Union-Endicott Cent. Sch. Dist. v Peters, 2014 NY Slip Op 08533, Appellate Division, Third Department

Joanne Peters, a teacher by the Union-Endicott Central School District, attempted to retire from her position after allegations surfaced that she had stolen District property.

This appeals is the latest in a series* and as relevant here concerns the question of Peters' being entitled  to receive retiree health insurance benefits provided for in a collective bargaining agreement under the  circumstances of her departure from employment with the District.

The District terminated Peters effective July 1, 2007 and that, as a result, she was not entitled to retiree health benefits. The Union-Edicott Teachers Association [ETA] and Peters grieved the District's determination under the CBA and demanded binding arbitration of it.

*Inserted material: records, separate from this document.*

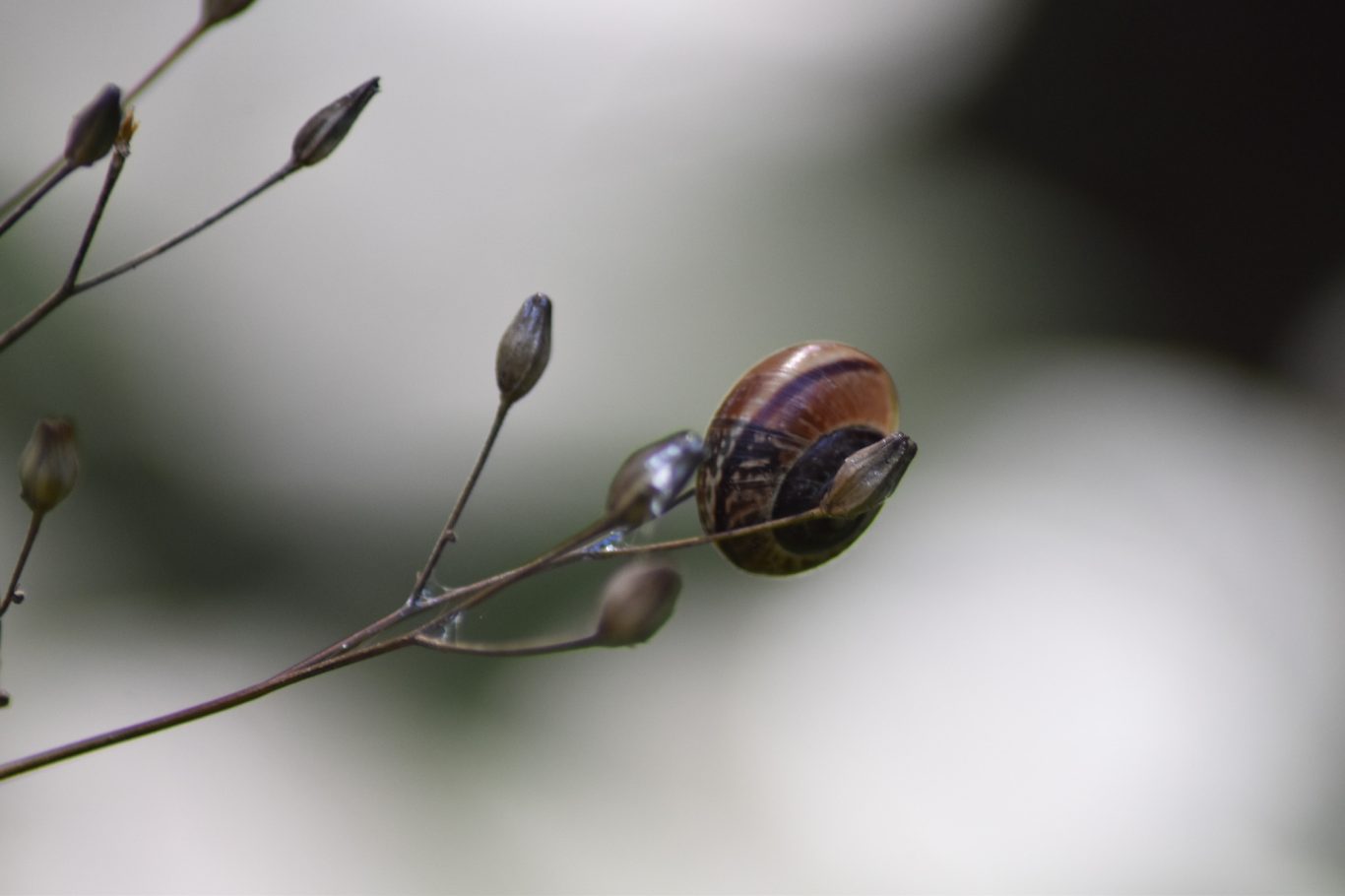 Schnirkelschnecke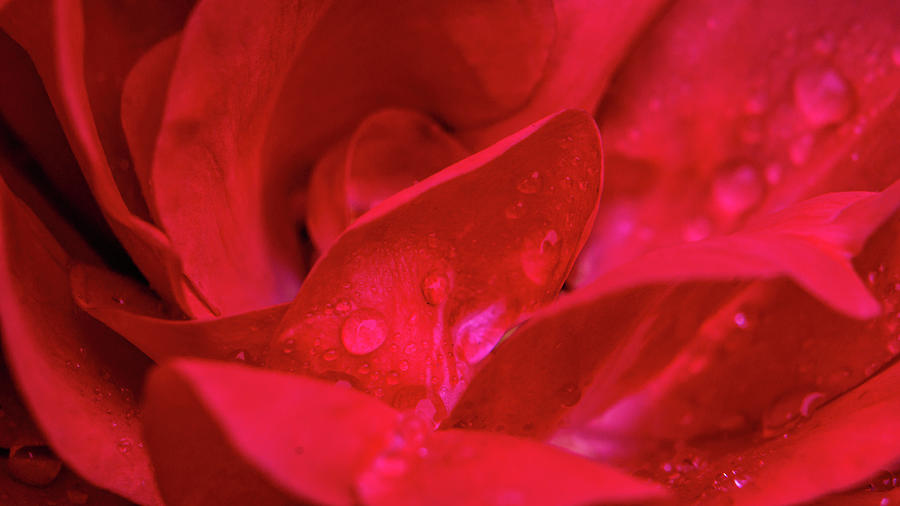 Rose Water Droplet Macro Photograph by Jason Fink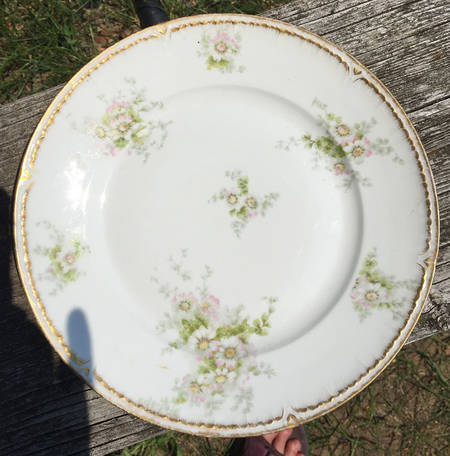 CHF823 Dinner Plate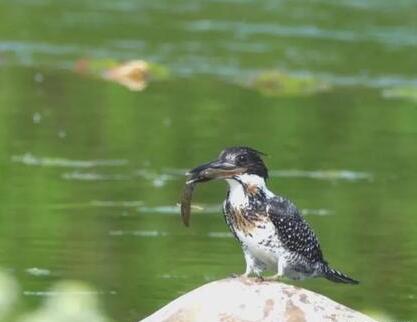 “鸟中大熊猫”黑鹳飞临石家庄冶河湿地(图3)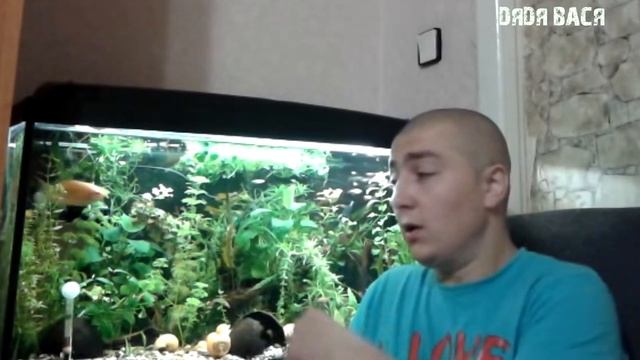 Питательный грунт для аквариума! Почему я запустил аквариум без подложки[#Питательный грунт]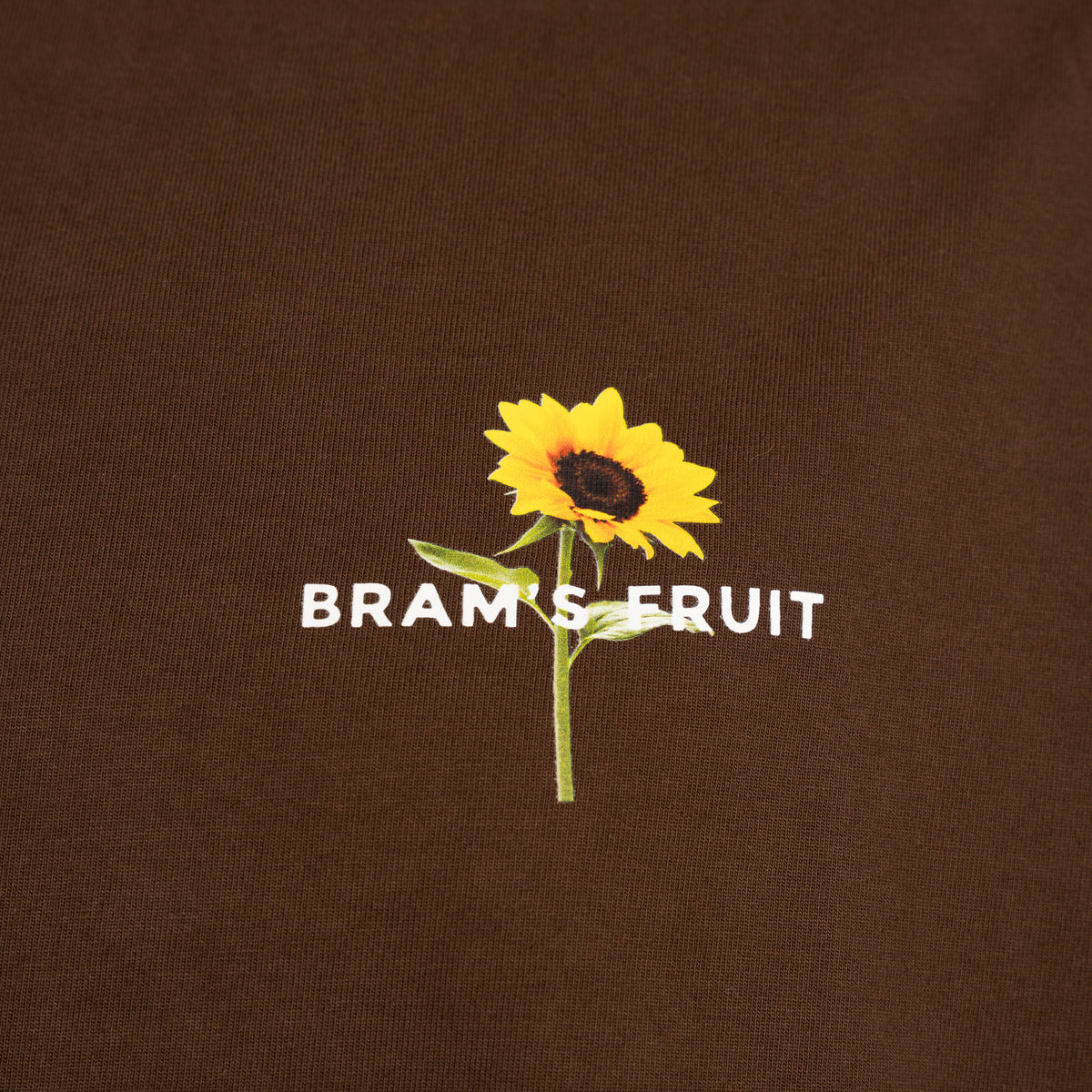Bram's Fruit Longsleeve Bruin | Sunflower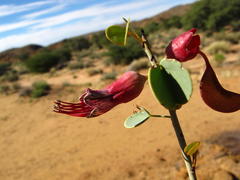 Adenolobus garipensis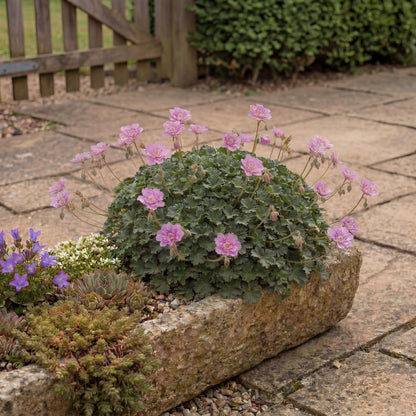 Pink Floral Alpine Geranium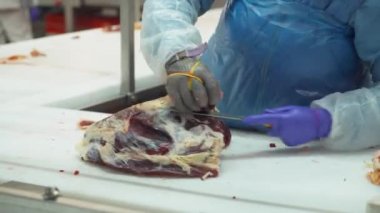 Et işleme tesisi, profesyonel kasap et leşlerini keser, et üretimi ve gıda endüstrisi, et toplama süreci, işçiler et kesmek için ekipman kullanır.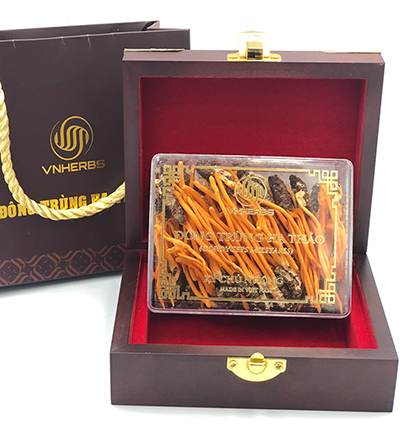 Đông trùng hạ thảo ký chủ nhộng VNherb hộp 40 con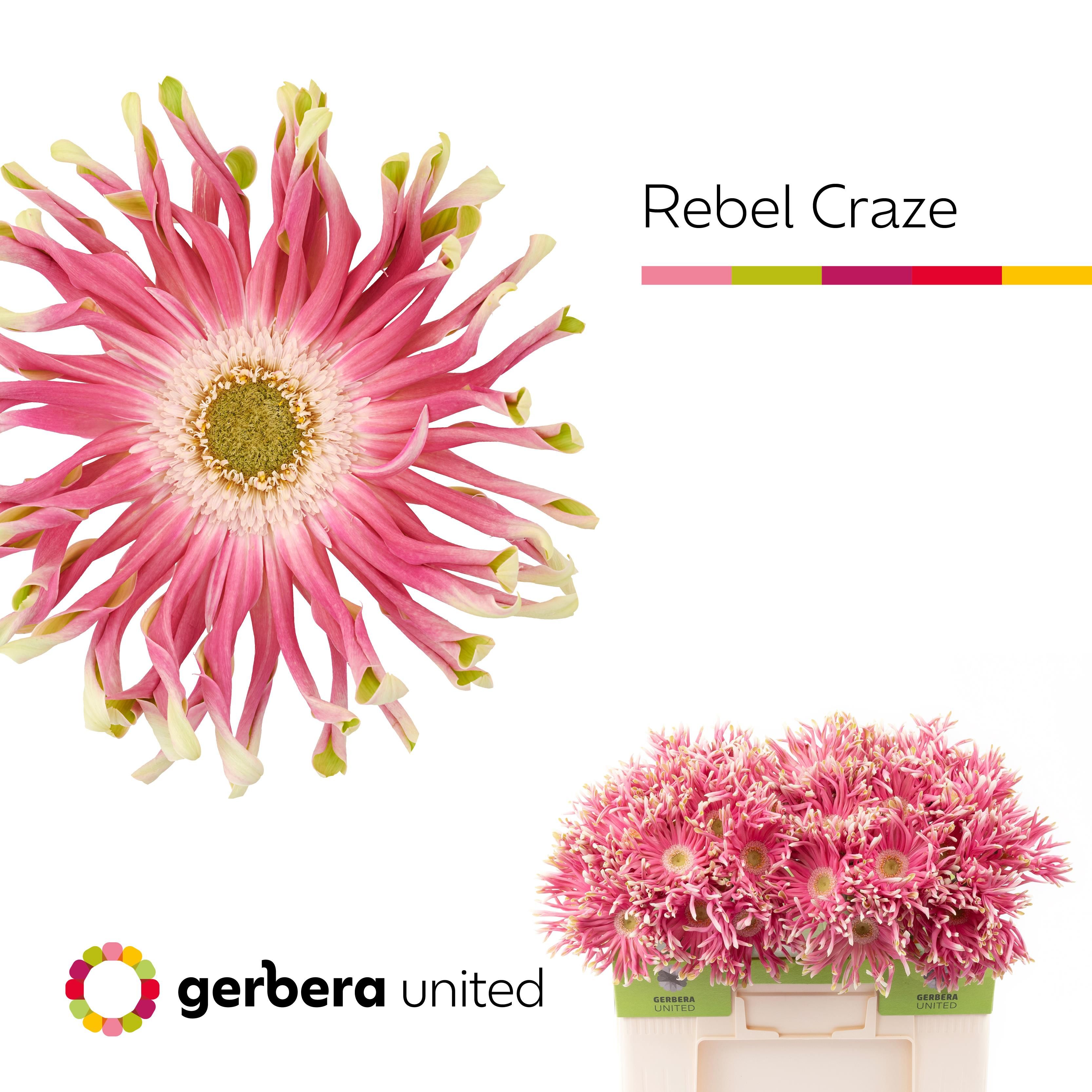 Срезанные цветы оптом Gerbera rebel craze от 50шт из Голландии с доставкой по России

The District and the ETA stipulated that the arbitrator would first assess whether the District's determination had violated the terms of the CBA. If the arbitrator found a violation, he would then be obliged to decide whether Peters' right to retiree health insurance benefits was impacted by the "faithless servant doctrine."**

The arbitrator issued an opinion and award finding that the District had violated the terms of the CBA and that the faithless servant doctrine was inapplicable. The arbitrator went on to state that he "believe[d] the District's claims [were] better suited for a lawsuit than a grievance arbitration proceeding."

The District then moved for leave to amend their complaint to assert causes of action invoking the faithless servant doctrine, seeking to both bar Peters' receipt of retiree health insurance benefits and recover damages for the value of the benefits that she had already received [Proceeding #1] .

The District also commenced a second proceeding, Proceeding #2, seeking to vacate the arbitration award or stay its enforcement until issues regarding the applicability of the faithless servant doctrine in action No. 1 had been resolved.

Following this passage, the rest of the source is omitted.